Because this is so simple, you will really want to try it out. My kids love it and even named it “Pepper Pockets”. I think I should have them do some Marketing for me :)
Now to the good stuff.
Chorizo and Cauliflower Rice Stuffed Peppers
Prep time: 10 minutes
Cook time: 25 minutes
Total time: 35 minutes
Servings: 4
What You Need
- 4 large bell peppers (any colors)
- 1 head cauliflower, any size
- 1 tablespoon olive oil
- 4 cloves fresh garlic, minced finely
- 3 tablespoons freshly squeezed lemon juice
- ½ tsp salt, divided
- ½ tsp pepper, divided
- 2 Tbsp olive oil, divided
- 1 lb. chorizo
- 1 shallot, diced
What You Will Do
- Preheat oven to 350°F. Cut the tops off the peppers, and remove seeds and membranes. Do your best to keep the peppers whole as that will be your main container for the meal.
- Now that they are cleaned, place the peppers with the cut or open sides up on a rimmed baking sheet. Rimmed helps as sometimes water or juices will leave the peppers as you cook, or they may roll. The rim helps keep your oven clean.

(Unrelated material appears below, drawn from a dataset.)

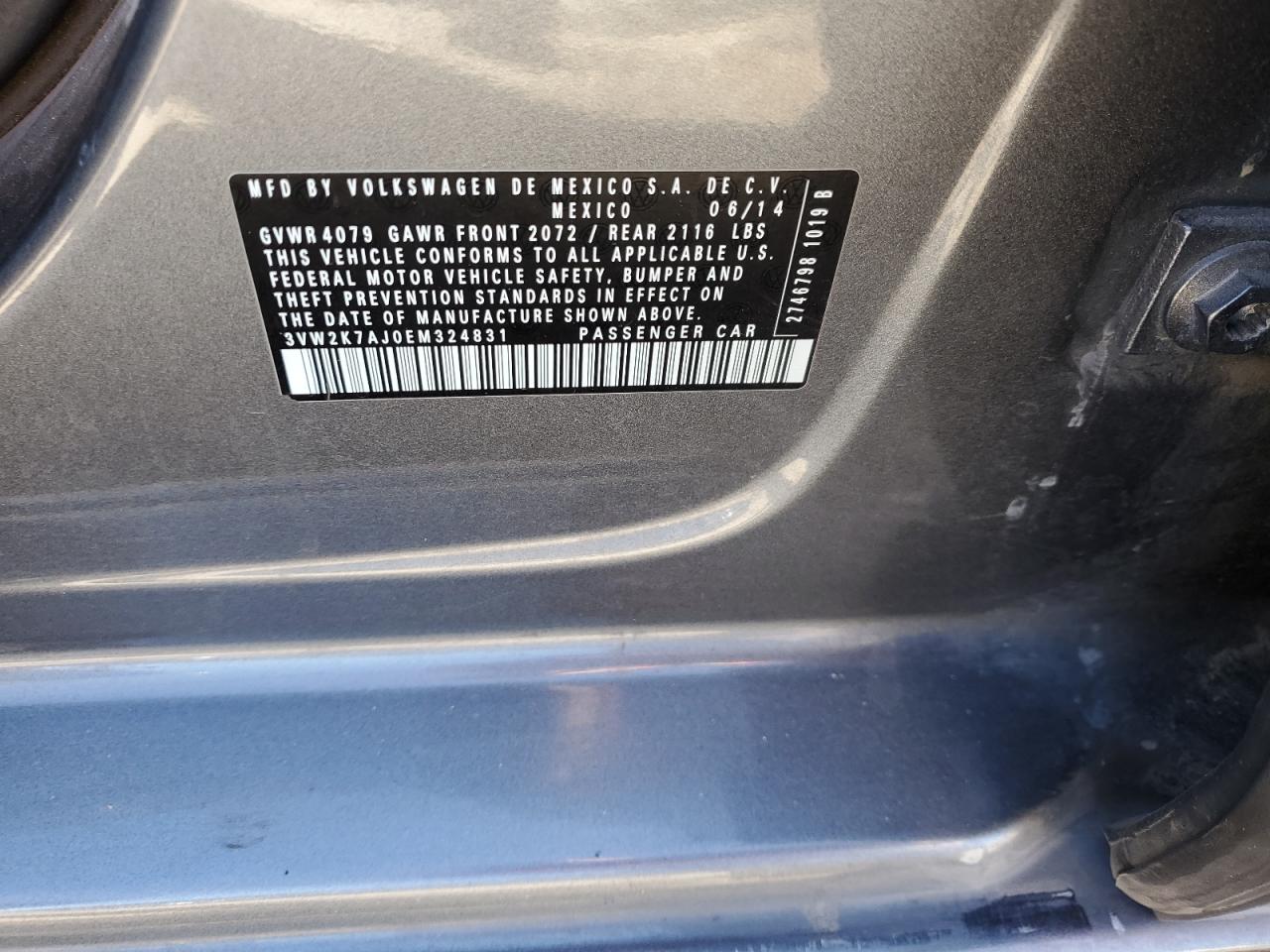 2014 Volkswagen Jetta Base VIN: 3VW2K7AJ0EM324831 Lot: 89289265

- Next you will cut the cauliflower into large pieces. Easiest way is to cut the head of cauliflower into quarters, then trim out the inner core from each quarter. Lastly, break apart the cauliflower into large florets with your hands.
- Transfer the cauliflower to a food processor fitted with the blade attachment. Don't fill the food processor more than 3/4 full and if necessary, process in two batches.
- Pulse the cauliflower until completely broken down and rice like.
- Pull out any unprocessed pieces. Some florets or large pieces of cauliflower might remain intact. Pull these out and set them aside (you can use a cheese grater and grate these finer if you like). Transfer the riced cauliflower to another container and either do your second batch or try to re-process any large pieces.
- Once you are done processing all of the cauliflower, it is time to cook it. Cooking makes the cauliflower more tender and rice-like.
- Warm a tablespoon of olive oil in a large skillet over medium heat. Stir in the freshly minced garlic (3 cloves) and sauté for 2 minutes. Stir in the cauliflower and sprinkle with a little salt. Cover the skillet and cook for 5 to 8 minutes, until it is as tender as you like. Add the 3 tablespoons of lemon juice and toss to warm. Place aside into a large mixing bowl.
- Bring a skillet to medium high heat with 1 tablespoon of olive oil. Add in the shallot and garlic (1 clove), and chorizo. Cook on medium-high heat for 5-8 minutes or until Chorizo is browned and easily crumbled. You will want to drain most of the drippings from the pan, but leave least 2 tablespoons behind.
- Stir the Cauliflower Rice into the Chorizo mixture and allow to warm, about 2 minutes.
- Spoon chorizo mixture into peppers, cover with tin foil and place into the preheated oven.
- Bake 20-25 minutes until browned and the peppers have softened.
- Remove from oven, remove tin foil, and allow to cool for 5 minutes, uncovered.
Now all you have to do as my daughter would say is Eat, Eat. Please enjoy these children named “Pepper Pockets”.